Started by johnsa, April 23, 2012, 03:40:06 PM

Previous topic - Next topic

zemtex

Yes and masm is for non commercial use only
I have been puzzling with lego bricks all my life. I know how to do this. When Peter, at age 6 is competing with me, I find it extremely neccessary to show him that I can puzzle bricks better than him, because he is so damn talented that all that is called rational has gone haywire.

dedndave

i don't think that's quite correct
my understanding of the licensing for the free versions is:

not for writing code for use under non-ms operating systems
not for writing operating systems

johnsa

Thanks for all the hints and points!

I agree 100% on the testing side.

I think once the basic skeleton is in place, I'll need to create a test file with every possible instruction in it.. assemble it to BIN using something like jwasm and then use it as a test script to compare each assembled instruction matches.. fun :)
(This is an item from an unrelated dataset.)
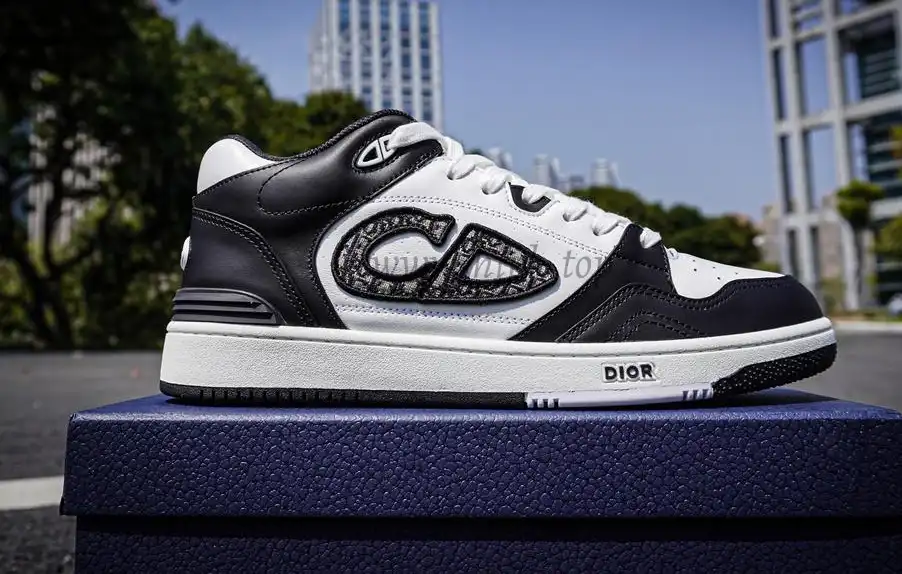 PK GOD Dior B57 MID-TOP SNEAKER Black and White RETAIL MATERIALS READY TO SHIP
So if I follow your design concept, avoid the traditional HLL style parser with syntax trees, you're basically going for a huge state machine thats basically case driven..

Example:
mov eax,20+(2*3)

Token Stream:
OP(MOV) REG(EAX) COMMA NUM(20) OP_PLUS LPAREN NUM(2) OP_MUL NUM(3) RPAREN

So you'd read a single token.. OP(MOV)
That would take you to a particular code block (a state change and intended to handle MOV generation)
Then the next token is read REG(EAX)
So you go to another sub-code-block which handles cases for mov r32,? (r32/mem32/imm32)
Then you get COMMA so you continue (no errors reported yet)
Then you get to NUM(20) .. now you know its definitely not mov r32,r32
but it could still be mem32 or imm32 (IE: a simple numeric, one that needs evaluation or a memory address that starts with a numeric.. like mov eax,myLabel+20
You'd push the NUM(20) onto a stack for potential evaluation
Then you take the OP_PLUS, push onto an operator stack
handle the parentheses.. etc.. you get to the end of the line and there has been no reference to a label or symbol or use of an equate (IE: no state changes necessary)..
wrap up the evaluation stack and you now know its mov r32,imm32 and you generate the obj. code

Does that sound right?


dedndave

when you start coding, one of the first things you'll find is that many instructions may have different forms
simple example...
        xchg    ecx,edx
        xchg    edx,ecx

2 ways of coding the same thing
a little different if one of the operands is EAX
        xchg    eax,edx
        xchg    edx,eax

one is a single byte, the other is 2 bytes
most assemblers will replace XCHG EDX,EAX with XCHG EAX,EDX - it saves a byte   :P

when it comes to complex addressing modes, i think you'll find many cases
the point is - you may correctly code an instruction, but differently than another assembler

johnsa

Definitely, I've found many examples of that already in my investigation.
I would work on opting for the shortest instruction form where possible (copying ml64 or jwasm output) is a good place to start as a lot of those decisions have been made already. It's just a case of working through every single case and seing why the particular opcode was selected.

dedndave

encoding (or decoding, depending on how you call it) instructions is the least of your worries, i would think

handling macros   :dazzled:

johnsa

macros shouldn't be too bad.. if we're going for the whole state machine model..

ie:
name MACRO a:REQ
mov eax,a
ENDM

tokens:

ID(name) DIR(MACRO) ID(a) COLON DIR(REQ)
OP(MOV) REG32(EAX) COMMA ID(a)
DIR(ENDM)

So on declaration it would check/create a symbol table entry for name and link that to the token stream created from statements... the asm would have a flag like inMacroDefintion.. in which case it will expect an ENDM token before allowing other directives for example ...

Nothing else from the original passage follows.